- [Problem to work on]: Every line below from the one with "vidaXL Canapea cu" through the one with "GENUINE LINKSYS HK-X142-A12S" is to be repeated exactly, with no picture among them.

- [Dataset]:
--------------------------------

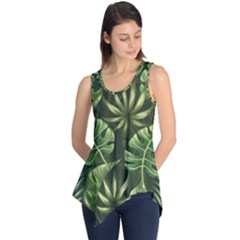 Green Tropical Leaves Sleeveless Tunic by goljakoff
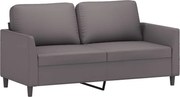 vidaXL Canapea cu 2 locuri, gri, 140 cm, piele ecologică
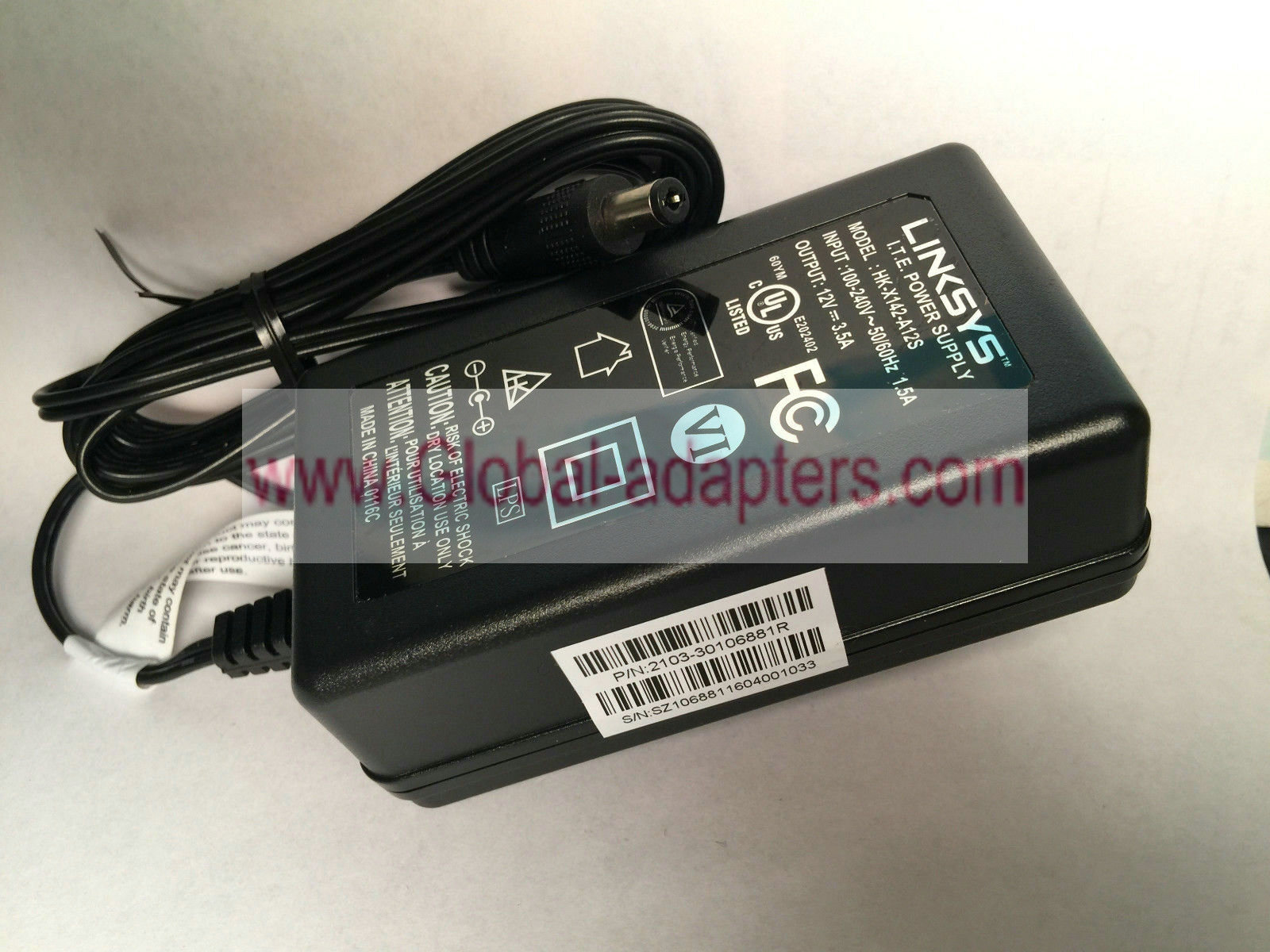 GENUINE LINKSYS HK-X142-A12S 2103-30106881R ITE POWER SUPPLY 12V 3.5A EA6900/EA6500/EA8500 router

--------------------------------

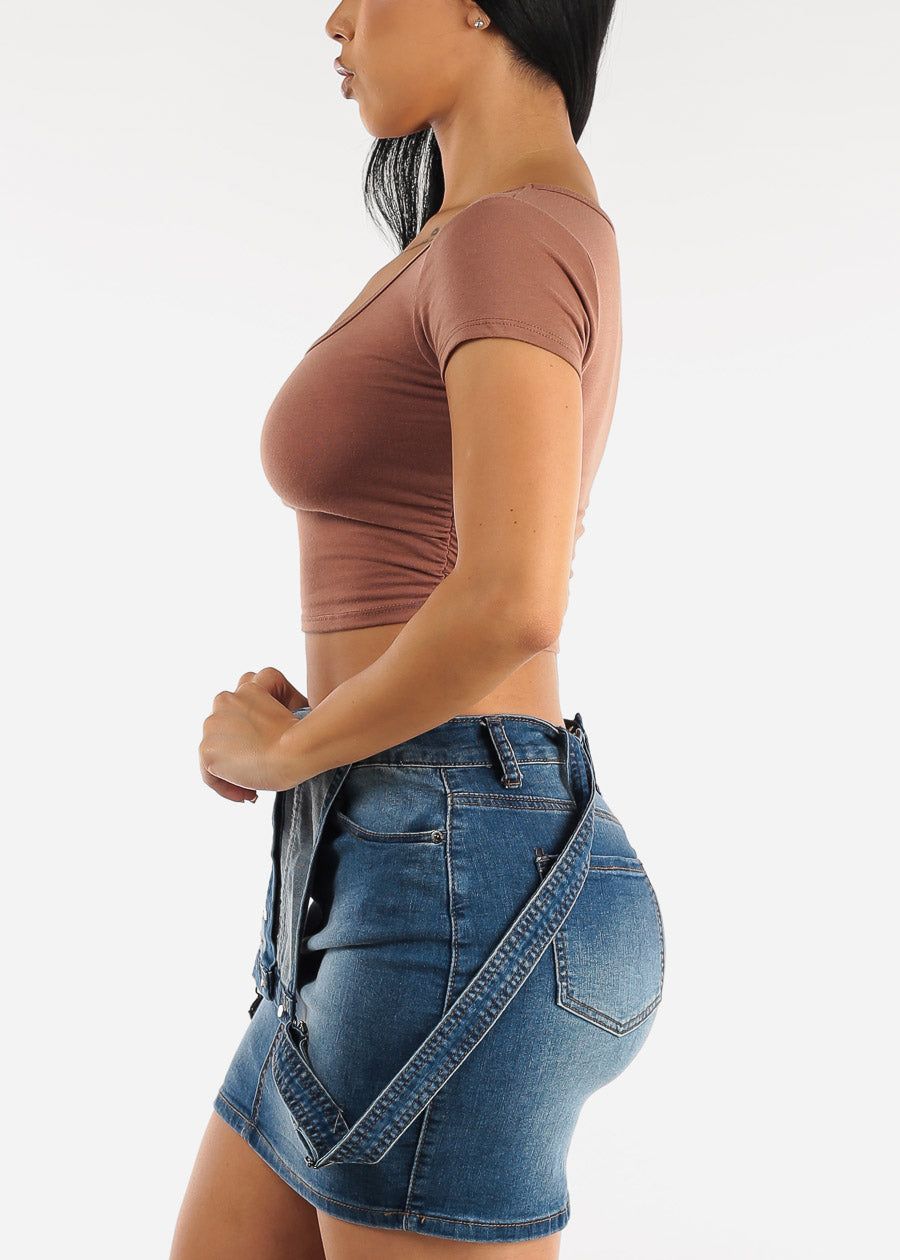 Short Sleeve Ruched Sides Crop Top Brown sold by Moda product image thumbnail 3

--------------------------------

- [Answer to this task]:
 vidaXL Canapea cu 2 locuri, gri, 140 cm, piele ecologică
 GENUINE LINKSYS HK-X142-A12S 2103-30106881R ITE POWER SUPPLY 12V 3.5A EA6900/EA6500/EA8500 router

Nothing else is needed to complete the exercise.